BRIEF: Word for word, restate the lines of the data below between those holding "Треккинговые ботинки" and "ハイキングメンズバックパック50－60LGRN", inclusive; pictures do not belong in the copy.

SOURCE DATA:
☆ ☆ ☆ ☆ ☆ ☆ ☆
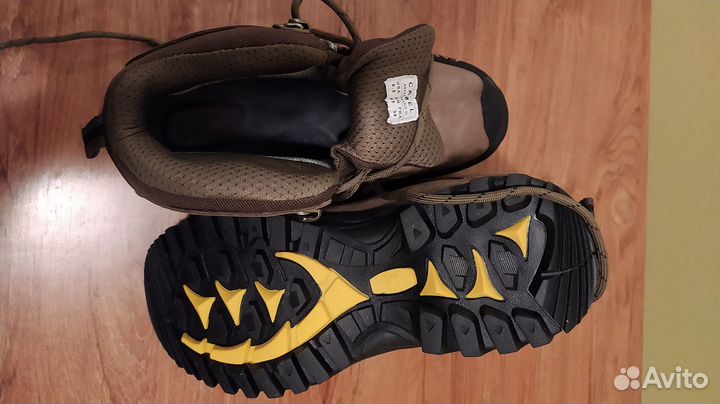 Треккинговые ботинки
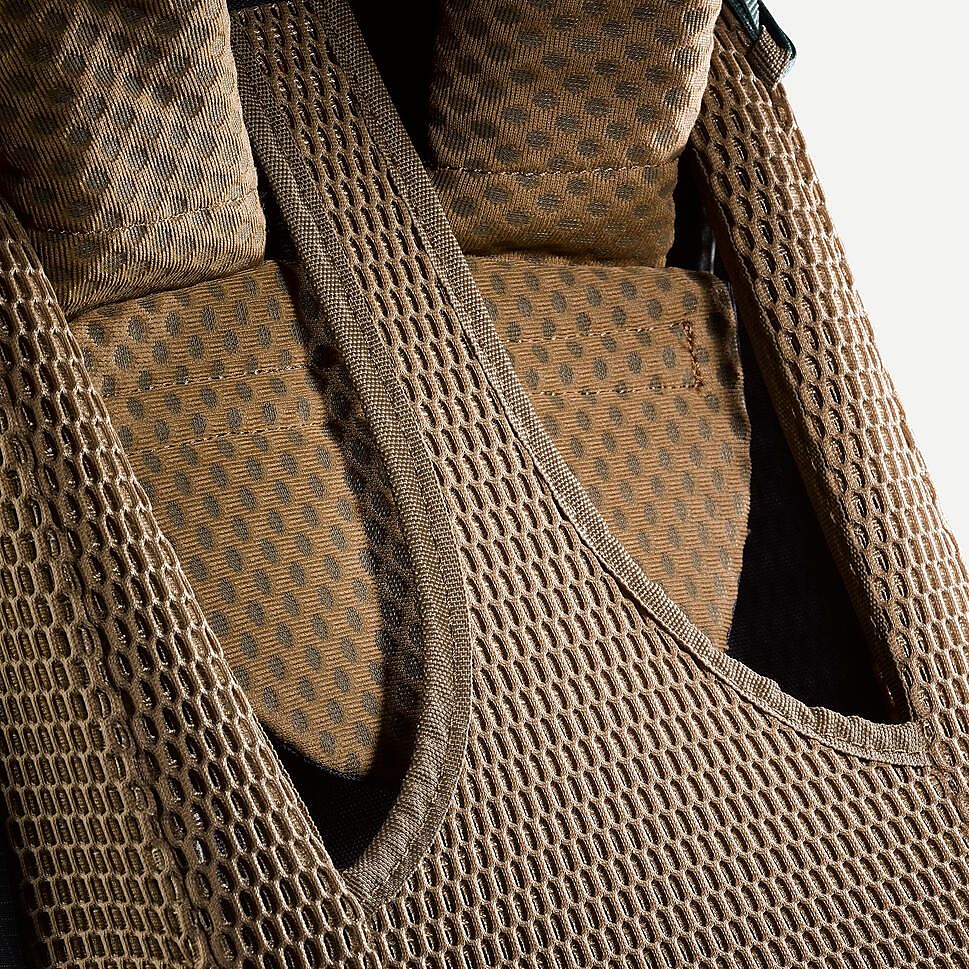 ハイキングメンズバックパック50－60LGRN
☆ ☆ ☆ ☆ ☆ ☆ ☆
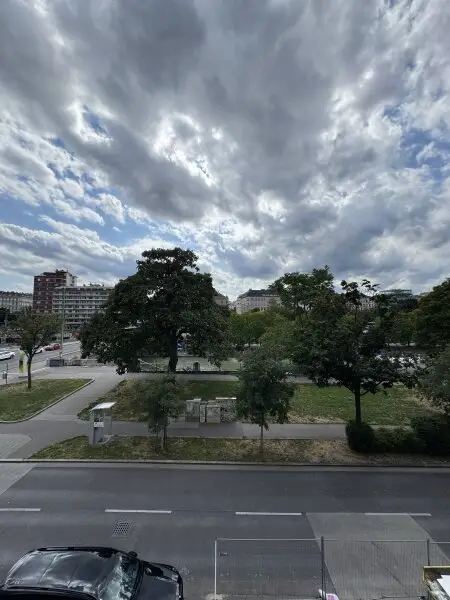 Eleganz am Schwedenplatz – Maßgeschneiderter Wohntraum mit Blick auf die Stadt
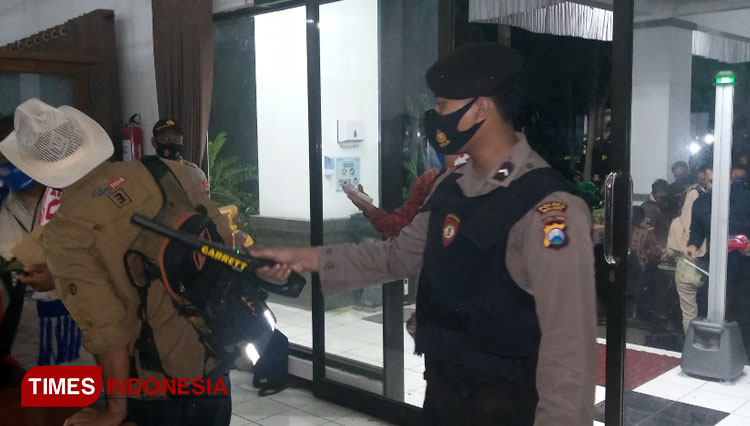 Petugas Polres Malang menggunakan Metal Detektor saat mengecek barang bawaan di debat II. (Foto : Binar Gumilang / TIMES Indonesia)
☆ ☆ ☆ ☆ ☆ ☆ ☆
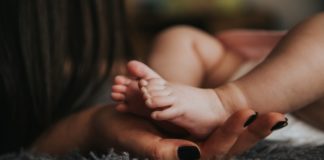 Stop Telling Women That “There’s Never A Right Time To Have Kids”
☆ ☆ ☆ ☆ ☆ ☆ ☆
FINISHED EXERCISE:
 Треккинговые ботинки
 ハイキングメンズバックパック50－60LGRN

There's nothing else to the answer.